Key length matters in SQL Server indexes.
It’s a best practice to keep your index keys as narrow as possible, and SQL Server enforces a maximum key length of 900 bytes on most “normal” clustered and nonclustered indexes.
But what happens if you want to optimize the lookup of a wide column? You’re not necessarily out of luck, you may just have to get a bit creative.
What If I Need to do an Equality Search on a Wide Column?
Let’s say I have a simple table. I have a narrow key on my clustered index and then I have a pretty wide variable length column. I need the wide column to be unicode, which makes it even wider, since unicode data types take up more room.
Here’s our sample table with a few rows (just pretend it has a lot more):
CREATE TABLE dbo.LookupValues ( i int identity, bigval nvarchar(2000) default (REPLICATE('d',700)), constraint pk_LookupValues_i primary key (i) ); GO --Insert rows with the default values begin tran declare @i smallint = 0; while @i < 10000 begin insert dbo.LookupValues default values; set @i=@i+1; end commit GO --Insert a few smaller values insert dbo.LookupValues (bigval) VALUES ('big'); insert dbo.LookupValues (bigval) VALUES ('bunny'); insert dbo.LookupValues (bigval) VALUES ('bunny bunny'); GO
Let’s say we write to this table rarely, but query it often. When this query runs, I want to make it as fast as possible:
SELECT i from dbo.LookupValues where bigval = N'bunny';
Right now, this query has to scan every row in the clustered index (the whole table) to find instances where bigval=N’bunny’. That’s not ideal, and as the table grows it’ll become worse and worse, burning more IO and CPU, and taking longer over time.

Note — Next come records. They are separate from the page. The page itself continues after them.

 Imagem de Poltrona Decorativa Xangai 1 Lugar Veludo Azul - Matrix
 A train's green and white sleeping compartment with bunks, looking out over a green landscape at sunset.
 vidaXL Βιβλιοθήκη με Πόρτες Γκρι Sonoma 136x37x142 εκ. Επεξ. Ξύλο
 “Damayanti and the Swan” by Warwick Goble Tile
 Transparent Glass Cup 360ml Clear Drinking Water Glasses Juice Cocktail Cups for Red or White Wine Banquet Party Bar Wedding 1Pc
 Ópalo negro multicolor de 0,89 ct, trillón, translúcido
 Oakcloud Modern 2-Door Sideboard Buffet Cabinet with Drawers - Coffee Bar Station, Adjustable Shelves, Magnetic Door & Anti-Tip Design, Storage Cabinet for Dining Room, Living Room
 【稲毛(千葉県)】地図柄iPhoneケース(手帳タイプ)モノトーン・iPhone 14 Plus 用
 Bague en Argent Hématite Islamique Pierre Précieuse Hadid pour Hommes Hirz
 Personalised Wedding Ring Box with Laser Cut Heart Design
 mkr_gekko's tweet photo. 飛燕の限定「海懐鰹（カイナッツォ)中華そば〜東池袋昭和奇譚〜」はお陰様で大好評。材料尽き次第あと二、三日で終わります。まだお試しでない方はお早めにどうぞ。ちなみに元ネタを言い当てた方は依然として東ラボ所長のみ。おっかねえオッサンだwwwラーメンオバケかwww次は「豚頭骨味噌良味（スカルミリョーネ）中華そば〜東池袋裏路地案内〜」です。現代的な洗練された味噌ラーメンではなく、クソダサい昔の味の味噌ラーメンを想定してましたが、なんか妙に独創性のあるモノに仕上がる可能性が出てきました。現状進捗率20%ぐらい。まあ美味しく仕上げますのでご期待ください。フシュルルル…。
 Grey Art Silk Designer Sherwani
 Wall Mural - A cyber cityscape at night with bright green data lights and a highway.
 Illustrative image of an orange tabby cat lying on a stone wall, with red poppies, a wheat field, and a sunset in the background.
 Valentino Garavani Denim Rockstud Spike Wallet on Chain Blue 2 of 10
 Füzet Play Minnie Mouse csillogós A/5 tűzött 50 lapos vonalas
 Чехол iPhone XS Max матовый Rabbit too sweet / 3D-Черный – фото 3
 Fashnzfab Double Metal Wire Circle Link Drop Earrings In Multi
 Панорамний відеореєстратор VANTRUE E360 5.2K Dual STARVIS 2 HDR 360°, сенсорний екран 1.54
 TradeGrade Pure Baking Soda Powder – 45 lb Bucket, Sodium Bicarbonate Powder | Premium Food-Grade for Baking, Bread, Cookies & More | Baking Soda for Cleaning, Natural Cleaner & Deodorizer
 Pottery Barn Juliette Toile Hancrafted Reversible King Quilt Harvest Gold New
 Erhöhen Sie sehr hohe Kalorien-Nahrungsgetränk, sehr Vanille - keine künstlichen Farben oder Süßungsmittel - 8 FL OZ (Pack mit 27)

There’s usually an easy way to make a query like this fast: just create a nonclustered index on the bigval column. But when I try, it doesn’t work because of restrictions on key size.
--Make my query faster! CREATE NONCLUSTERED INDEX ix_LookupValues_bigval on dbo.LookupValues (bigval); GO
Warning! The maximum key length is 900 bytes. The index 'ix_LookupValues_bigval' has maximum length of 4000 bytes. For some combination of large values, the insert/update operation will fail. Msg 1946, Level 16, State 3, Line 1 Operation failed. The index entry of length 1400 bytes for the index 'ix_LookupValues_bigval' exceeds the maximum length of 900 bytes. The statement has been terminated.
Terminated. Yeah. I can’t just index this to make my query fast.
Options for Indexing Wide Keys
So what’s a performance tuner to do?
My first thought when I hit this problem was that I might have to use a fulltext index. A fulltext index can work here– it lets you index large columns, but it would be kind of a bummer to have to do it. Fulltext indexes have extra overhead and are really designed for different things than doing a simple equality search, so it would be like using a jackhammer because you can’t find a mallet.
My partner Jeremiah Peschka came up with a quick and clever solution using an indexed computed column. You can work all sorts of cool magic with computed columns in SQL Server– the trick is just to remember them!
Here’s how it works: you add a computed column to the table that’s the hash of the large value. You then index the computed column and modify your query to take advantage of it.
In this example we use SHA_512 for the hashing algorithm. This will give an output of 64 bytes– well within our limits for index key sizes.
ALTER TABLE dbo.LookupValues ADD bigvalhash AS HASHBYTES('SHA2_512', bigval) PERSISTED; GO CREATE NONCLUSTERED INDEX ix_LookupValues_bigvalhash on dbo.LookupValues (bigvalhash) INCLUDE (bigval); GO
Now, to get the query work, we need to change it a bit:
SELECT i from dbo.LookupValues where bigvalhash = HASHBYTES('SHA2_512', N'bunny') and bigval = N'bunny'; GO
This revised approach gives me a targeted index seek and limits my logical reads. Voila!
The Fine Print on This Solution
There are a few things to note:
- HASHBYTES results are dependent upon datatype. If my query used HASHBYTES(‘SHA2_512′, ‘bunny’), it would not find any rows, because the column is hashed unicode values and I provided a hashed non-unicode value.
- I do still include “bigval= N’bunny’” in my query. In theory there shouldn’t be collisions with SHA-512, but it doesn’t add much expense to the query and in my example I deemed it “worth it” to me. You might make a different choice.
Sometimes Old Tools Do the Trick
What I love most about this solution is that it’s creative, but it’s not really weird, when you think about it. It uses standard features that have been in SQL Server for a long time to create a way to do something that seems like the product wouldn’t support– and that’s really cool.